Member of the Ohio House of Representatives from the 80th district
- In office January 5, 2009-December 31, 2014
- Preceded by: Diana Fessler
- Succeeded by: Steve Huffman

Personal details
- Born: January 1, 1939 (age 87) Troy, Ohio, U.S.
- Party: Republican
- Education: Ohio State University (BS in agriculture education, JD)
- Profession: Educator, Agriculture

= Richard Adams (Ohio politician) =

American politician (born 1939)

Richard Adams (born January 1, 1939) is a former member of the Ohio House of Representatives, serving the 80th District from 2009 to 2014.

==Career==
Adams previously served two terms as Miami County Commissioner, as well as a member of the Unity National Bank Board of Directors. He also served as a high school agriculture instructor for Northwestern High School, vice president of Clark State Community College and founding superintendent of the Upper Valley Joint Vocational School District.

==Ohio House of Representatives==
When incumbent Diana Fessler was unable to run for another term due to term-limits, Adams, along with Joe Lemaster, sought the Republican nomination to succeed her. In the end, Adams ended up winning the nomination with 73.12% of the vote. He went on to win the general election against Democrat Melissa Stanley with 63.2% of the electorate, and was sworn into his first term on January 5, 2009.
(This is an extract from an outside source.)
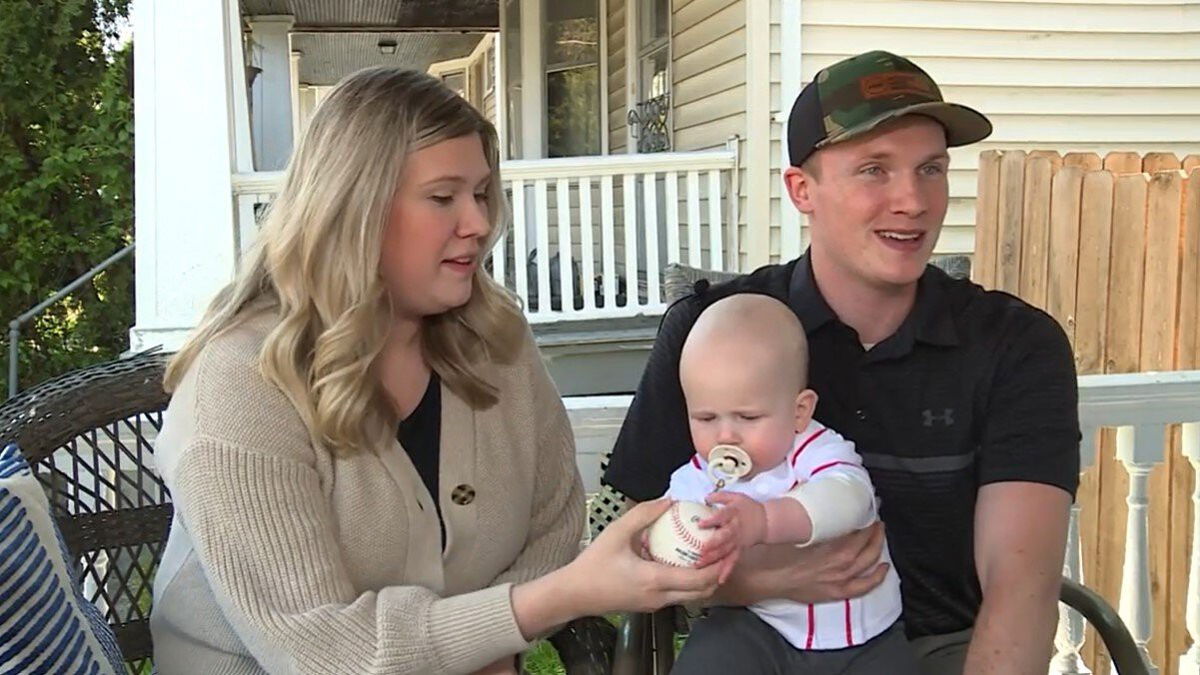 <i>WLWT</i><br/>A fan at Tuesday night's Cincinnati Reds game is going viral after catching a foul ball while having his hands full.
In 2010, Adams opted to run for reelection. Unopposed in the primary, Adams defeated Democrat Howard Payne in the general election with 77.09% of the vote. He served on the committees of Finance and Appropriations and its Health and Human Services Subcommittee; Health and Aging and its Subcommittee on Retirement and Pensions; Commerce and Labor; and Financial Institutions, Housing, and Urban Development (as chair).

In 2013, Adams announced he would not seek another term. Steve Huffman was elected to succeed him.